Transcribe all data verbatim. Skip the pictures.

#### Supplied information:
....
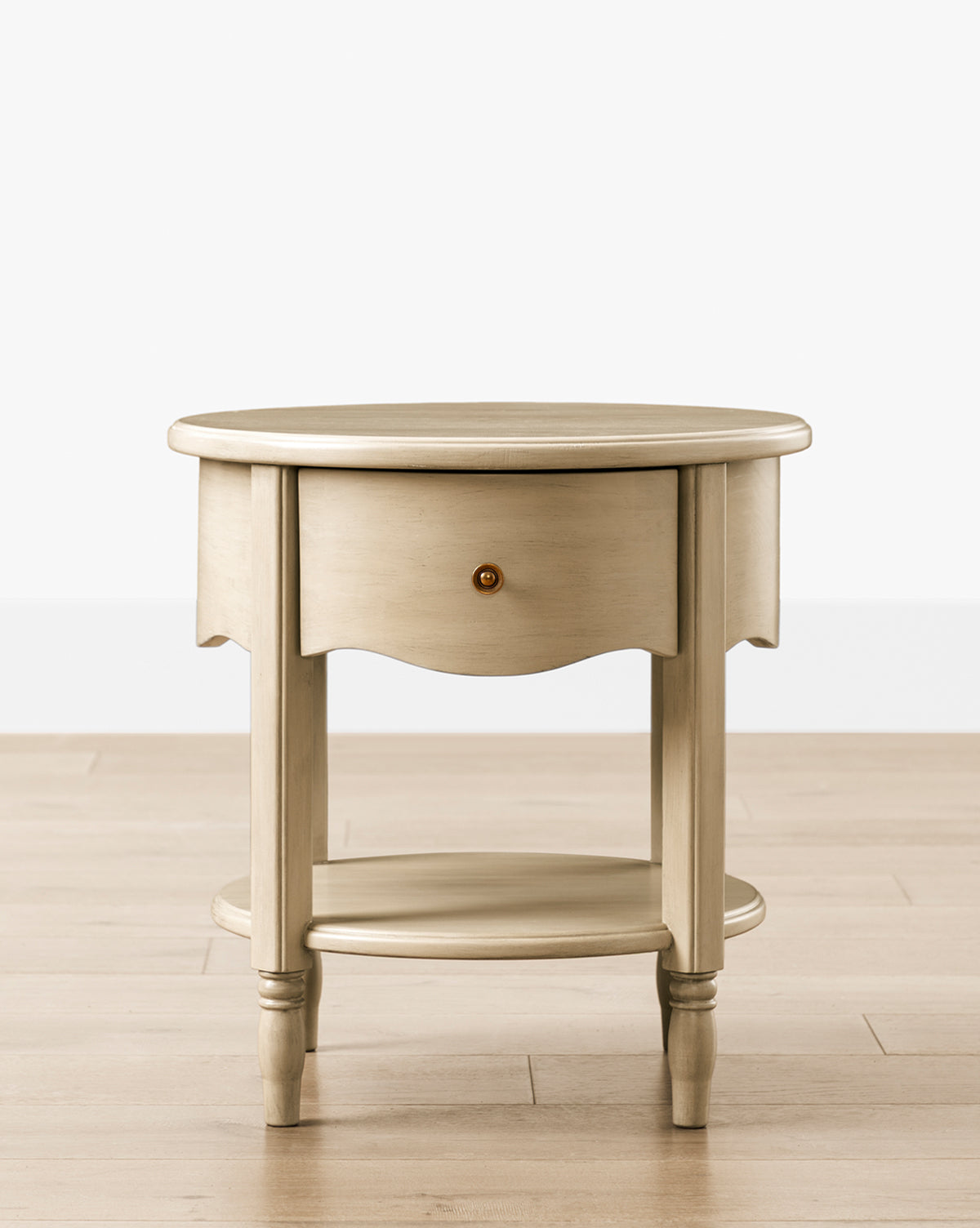 The Liberty Nightstand is a round wooden table with a light, distressed finish, one drawer with a round knob, four legs, and a lower shelf. It sits on a light wood floor against a white background and is GREENGUARD Gold Certified for nurseries by McGee & Co.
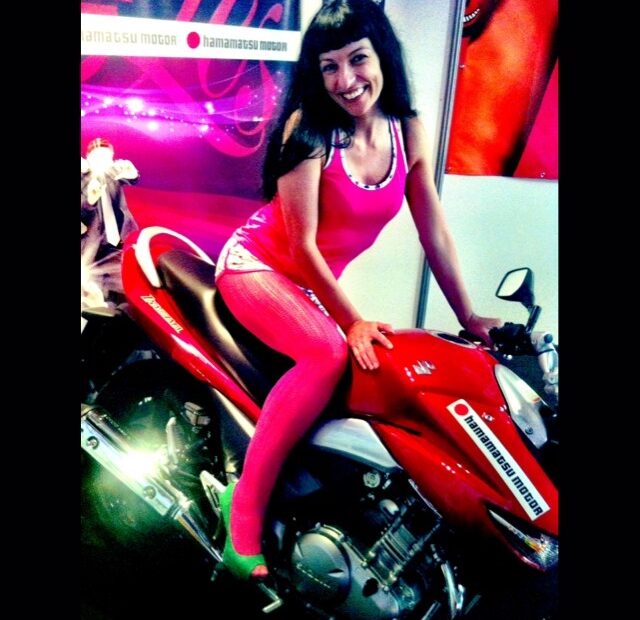 Roser Amills, con medias y camiseta rosas, sonríe sentada sobre una moto roja en el Salón Erótico de Barcelona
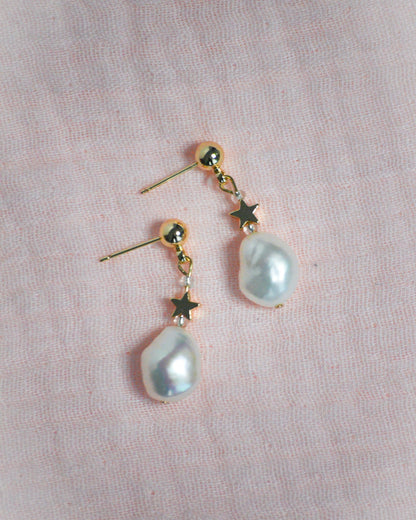 Pearl earrings with gold accents on a pink background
....
#### Expected answer:
 The Liberty Nightstand is a round wooden table with a light, distressed finish, one drawer with a round knob, four legs, and a lower shelf. It sits on a light wood floor against a white background and is GREENGUARD Gold Certified for nurseries by McGee & Co.
 Roser Amills, con medias y camiseta rosas, sonríe sentada sobre una moto roja en el Salón Erótico de Barcelona
 Pearl earrings with gold accents on a pink background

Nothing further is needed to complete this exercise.